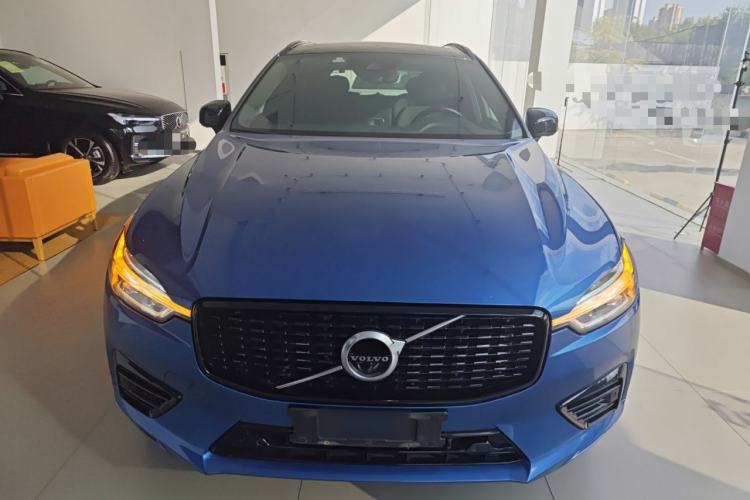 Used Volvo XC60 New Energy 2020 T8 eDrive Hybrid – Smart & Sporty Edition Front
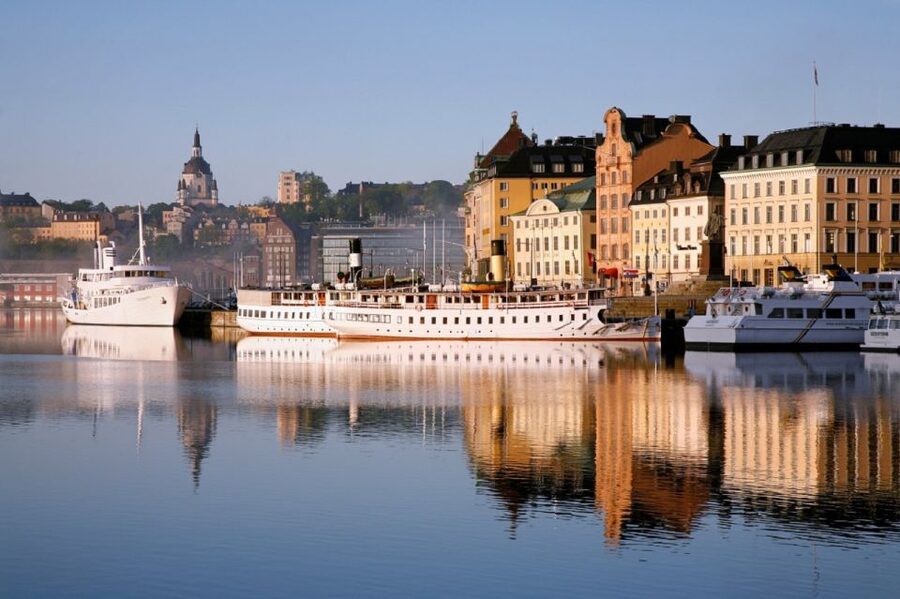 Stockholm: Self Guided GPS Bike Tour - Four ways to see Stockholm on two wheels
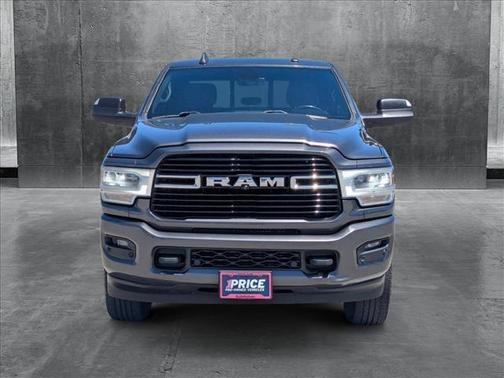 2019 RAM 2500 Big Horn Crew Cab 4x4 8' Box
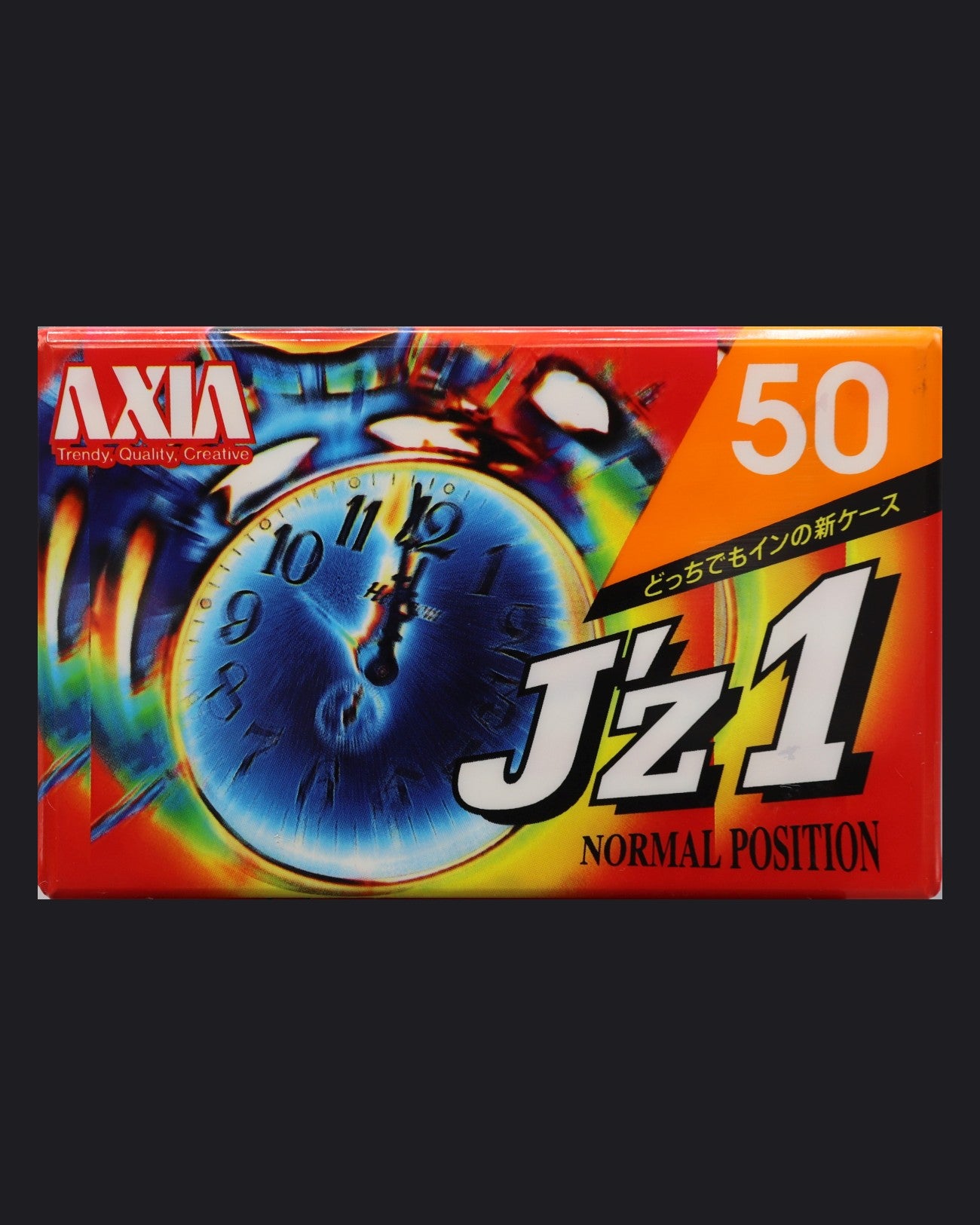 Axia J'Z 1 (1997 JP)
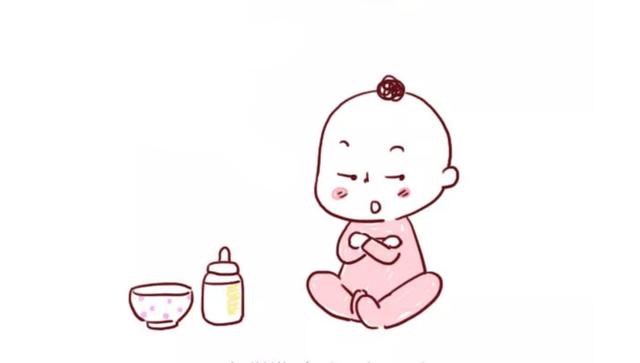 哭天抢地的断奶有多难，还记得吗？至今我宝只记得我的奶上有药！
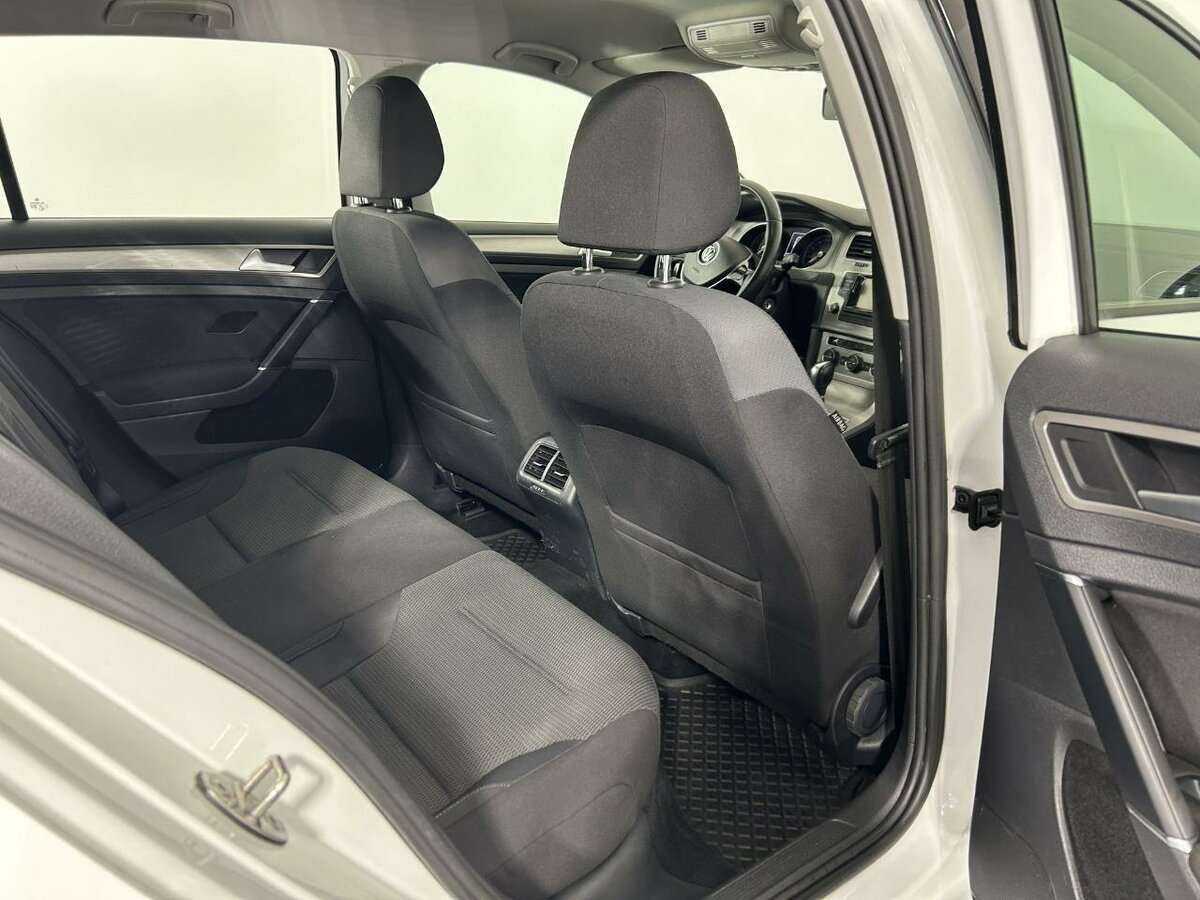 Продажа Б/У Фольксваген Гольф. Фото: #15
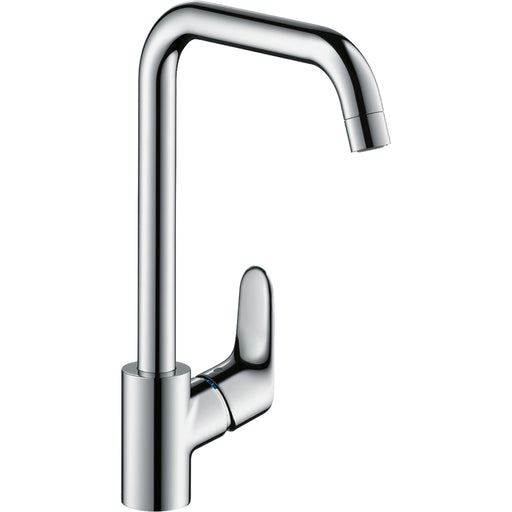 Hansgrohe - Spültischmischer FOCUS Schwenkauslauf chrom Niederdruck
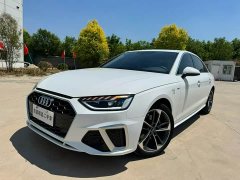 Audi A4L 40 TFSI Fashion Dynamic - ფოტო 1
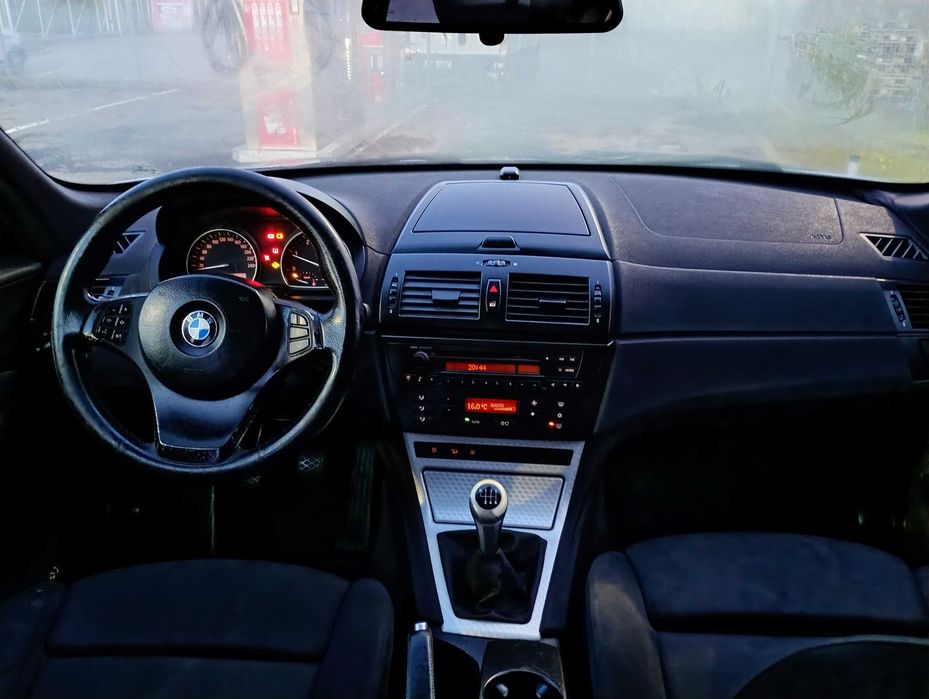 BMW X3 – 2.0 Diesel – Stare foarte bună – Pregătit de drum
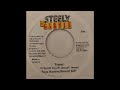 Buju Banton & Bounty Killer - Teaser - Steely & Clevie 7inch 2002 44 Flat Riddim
···
#### [What is required]
Repeat verbatim the lines from the one holding "哭天抢地的断奶有多难，还记得吗？至今我宝只记得我的奶上有药！" through the end of the listing above, both ends included, but not the pictures.

#### [Problem solution]
 哭天抢地的断奶有多难，还记得吗？至今我宝只记得我的奶上有药！
 Продажа Б/У Фольксваген Гольф. Фото: #15
 Hansgrohe - Spültischmischer FOCUS Schwenkauslauf chrom Niederdruck
 Audi A4L 40 TFSI Fashion Dynamic - ფოტო 1
 BMW X3 – 2.0 Diesel – Stare foarte bună – Pregătit de drum
 Buju Banton & Bounty Killer - Teaser - Steely & Clevie 7inch 2002 44 Flat Riddim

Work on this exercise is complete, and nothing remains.